# [Your assignment]
Report back each line of the records that contains the string "image".

# [Items from a dataset]
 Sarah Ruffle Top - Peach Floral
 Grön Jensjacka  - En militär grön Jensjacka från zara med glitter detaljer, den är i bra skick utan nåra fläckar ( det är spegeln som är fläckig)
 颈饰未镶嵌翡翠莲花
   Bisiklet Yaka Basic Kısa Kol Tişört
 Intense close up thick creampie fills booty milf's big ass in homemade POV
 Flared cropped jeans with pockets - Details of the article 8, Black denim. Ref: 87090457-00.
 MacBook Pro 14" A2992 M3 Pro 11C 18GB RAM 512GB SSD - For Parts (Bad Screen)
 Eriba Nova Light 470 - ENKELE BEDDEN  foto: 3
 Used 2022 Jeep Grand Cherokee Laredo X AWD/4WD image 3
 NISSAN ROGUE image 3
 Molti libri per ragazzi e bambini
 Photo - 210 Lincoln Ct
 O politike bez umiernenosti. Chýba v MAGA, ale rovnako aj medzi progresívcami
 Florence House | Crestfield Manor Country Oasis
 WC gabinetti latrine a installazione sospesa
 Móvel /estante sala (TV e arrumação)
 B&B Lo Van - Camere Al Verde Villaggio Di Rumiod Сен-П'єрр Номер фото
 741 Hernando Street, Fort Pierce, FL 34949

# [Problem solution]
 Used 2022 Jeep Grand Cherokee Laredo X AWD/4WD image 3
 NISSAN ROGUE image 3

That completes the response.